There's more to a waiting list than you think.
Waiting lists are a common way for early online products to start engaging with their audience, and measuring interest. Before you even have a product ready, you can share your value proposition and see if it resonates. You can build a list of interested people, so you can engage with them already. It's a smart way to start.
While there's no right or wrong to do it, there are a few things that we've learned that will make a big difference in your success.
Getting sign ups to your waiting list are a great early signal. It shows that people are vibing with your value proposition, and are curious to learn more.
But, make no mistake! A popular waiting list is not a sign of product performance. These people have not used your product or service yet, and you don't know that they'll be loyal users later.
These people are leads — not users. And definitely not committing to pay anything to you yet.
👉 Waiting list popularity is a signal people may like your value proposition, not your product.
Once a user has joined your waiting list, their enthusiasm to sign up will begin to decay. The longer the user is left waiting, the less likely they are to join when you finally invite them. You should begin engaging them already, giving them confidence that they'll be invited soon.
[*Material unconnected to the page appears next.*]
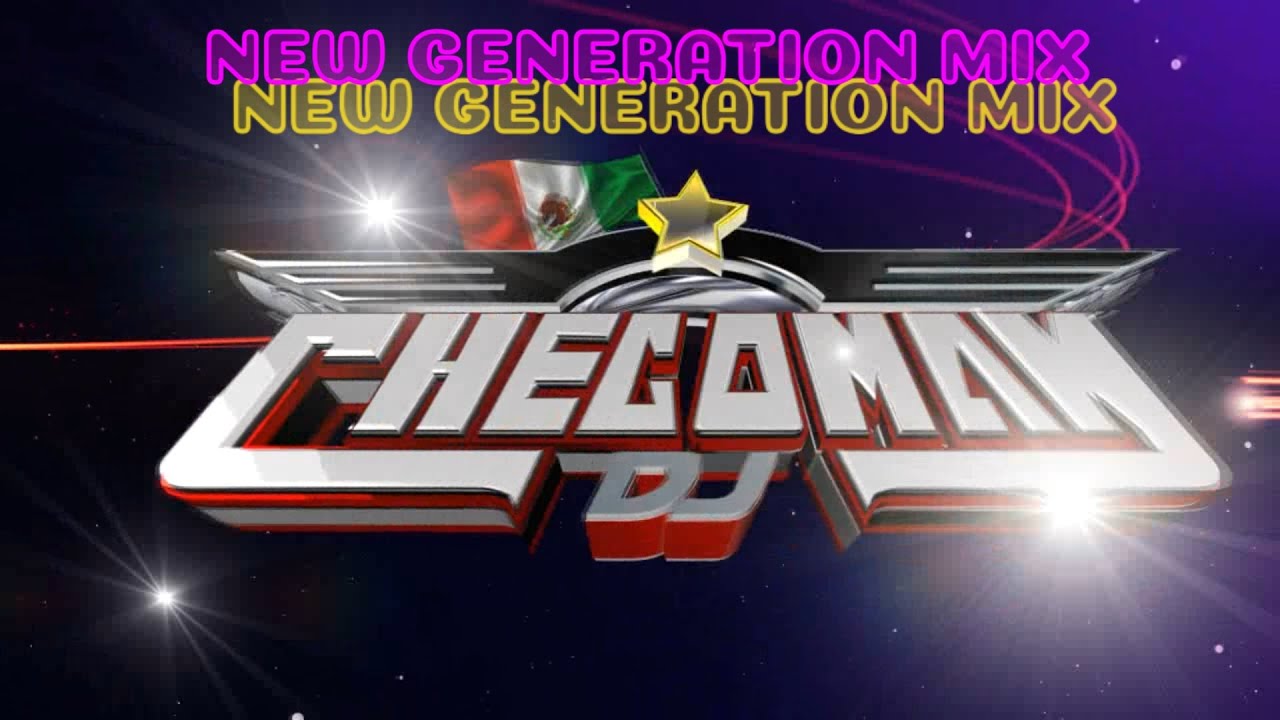 NEW GENERATION MIX   - dj checoman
Don't wait artificially to invite them — if there's no good reason they should be waiting anymore, invite them in! On this note, make sure you don't bank on having 100% of your waiting list sign up.
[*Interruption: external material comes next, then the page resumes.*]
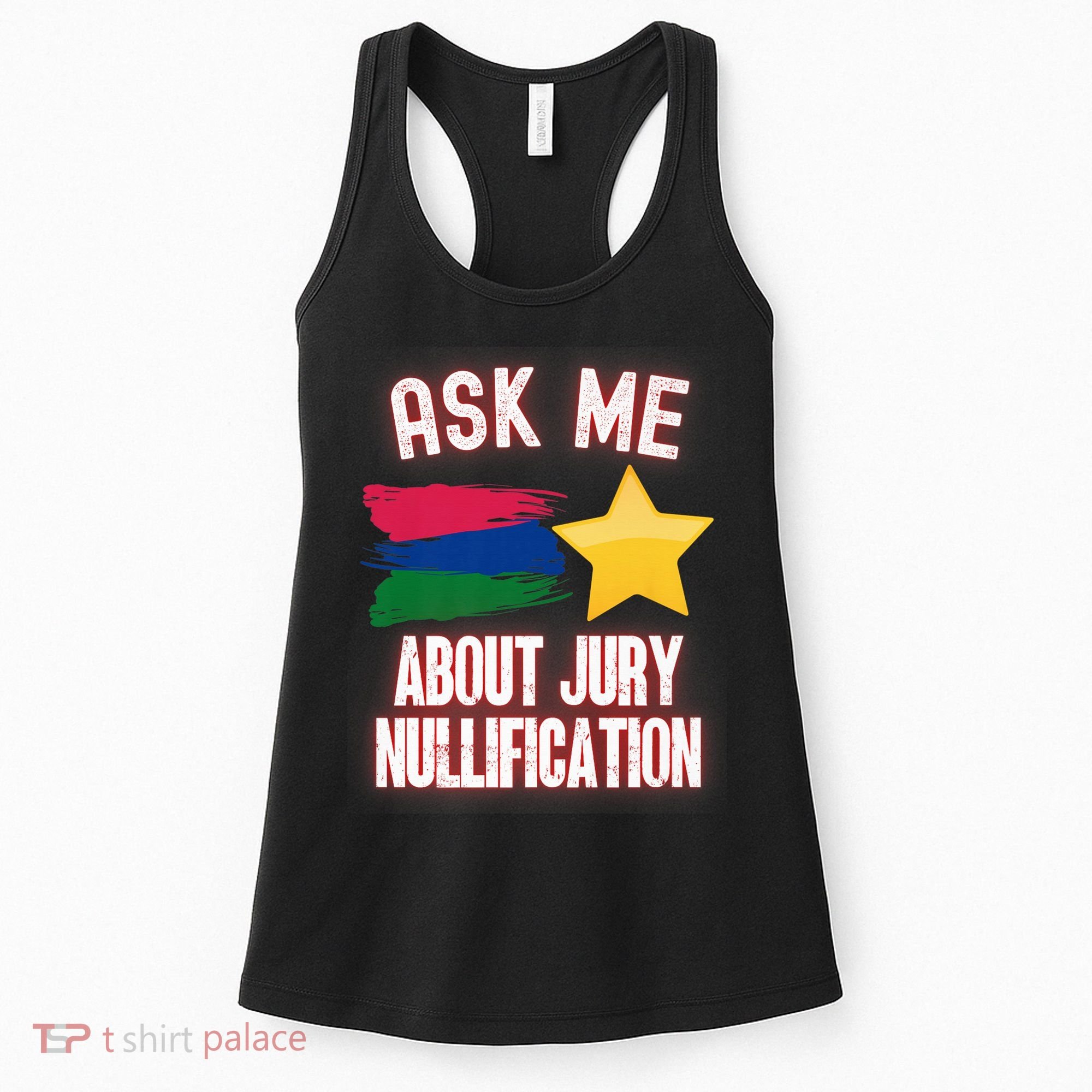 Ask Me About Jury Nullification Not Guilty Trial Juror Right Women's Tank Top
👉 Don't leave people hanging for too long. Engage often, and invite them ASAP.
In the beginning of your product development, you may want to be selective about who gets to be an early user. These users play an important role, as they are testing out your features first. They are the ones providing feedback that you'll be considering. If community or social engagement plays a part in your product, they'll form the foundations for the culture.
With this in mind, not everyone who signs up to your waiting list may be your ideal user. So, you may choose to be selective with who gets an invite first. One way to screen for who should be invited first vs. second is to implement a survey which is delivered immediately after sign up.
At Beyond we implemented such a survey, and users who complete it are more likely to be invited earlier based on their profile and content consumption habits.
👉 Use a survey to screen for your desired user profiles to invite first.
In the beginning, the only thing people have to judge your product on is your landing page. This single page is your main opportunity to communicate your value proposition, the problem you're addressing, and what you plan to create to solve it.
If your value proposition doesn't resonate with people, then they may not sign up. If you don't set expectations well enough for what you're building, they may be disappointed or confused when they finally sign up.
The landing page is something you should take seriously. Spend time writing copy, test it with users, and iterate on it whenever needed. The importance of this cannot be overstated. This is harder than you think.
👉 Spend a lot of time crafting and iterating on your landing page.
This is good advice in general for life. Be careful asking too much of your waiting list users before you give them any value in return. Asking too much of them at this stage may result in hard feelings and sad users.
It's usually OK to request something small, like an optional survey, but be mindful of how much time you're asking them to invest. Remember, at this point, they don't owe you anything.
👉 Give value before you ask for anything in return.
Engaging with your desired users early is almost always a really good idea, and using a waiting list is a great way to start. Hopefully these tips help you to be successful with your own!